I was fortunate to be able to attend the American Public Transportation Association’s (APTA) annual conference and Expo at the Georgia World Congress Center in October of 2017. Hailed as the largest transit conference in the United States, it only made sense that the Metropolitan Atlanta Rapid Transit Authority (MARTA), Atlanta’s primary public transportation agency, would host the event.

With presentations from livable and sustainable communities, to international transportation developments and projects, this gave me the lucky opportunity to talk to and learn from nearly 12,000 transit professionals from all over the world.

This conference was one of many ways my time with MARTA as a Long-Range Planning intern helped to tie together the elements of transportation planning and policy as parallel to my understanding of environmental policy.

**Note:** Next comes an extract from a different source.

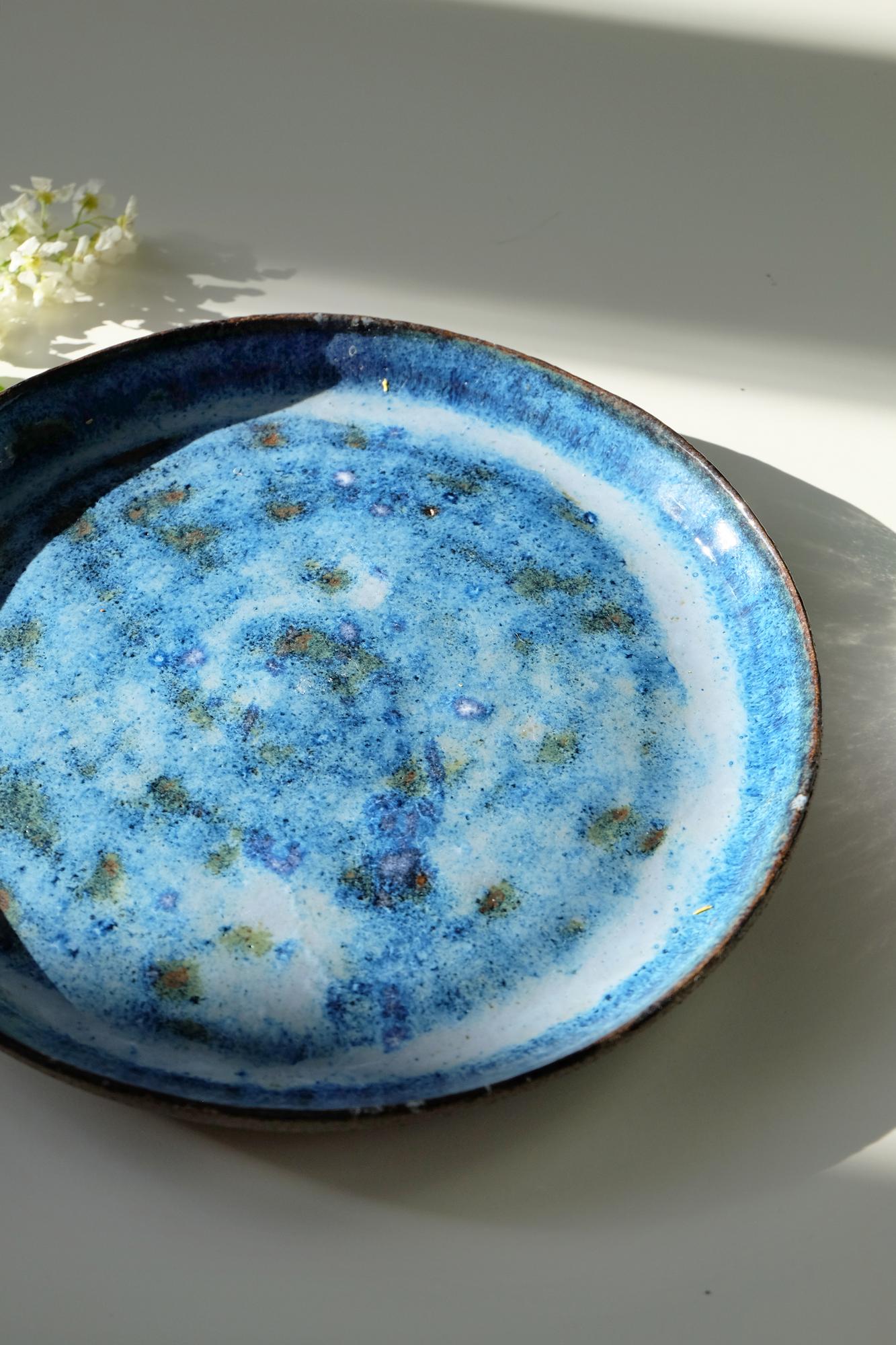 Керамика ручной работы тарелка Черничные ночи 20,5 см HURMA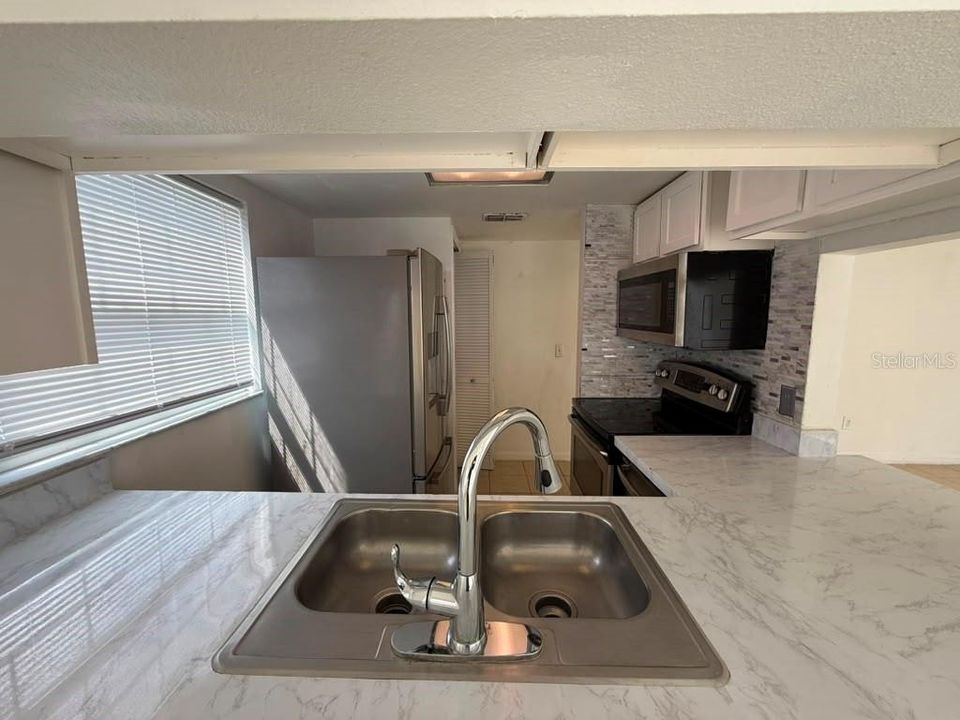 В аренду: $1,750 (3 спален, 2 ванн, 1638 Квадратных фут)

On the last day of APTA, Secretary of Transportation Elaine Chao took to the stage to deliver her speech regarding the future of transit in the U.S. Coincidentally, her speech fell while the nation was still reeling from the devastation and destruction of one of the most active hurricane seasons in recent history.

Two months before Secretary Chao’s speech, the Trump administration rescinded a previous executive order intended to improve climate resilience of infrastructure. As Secretary Chao outlined the Department of Transportation’s plans, it was hard not to think about how transportation not only affects climate, but is also affected by climate change. A transportation future where social and environmental adaptive capacities aren’t prioritized is precarious.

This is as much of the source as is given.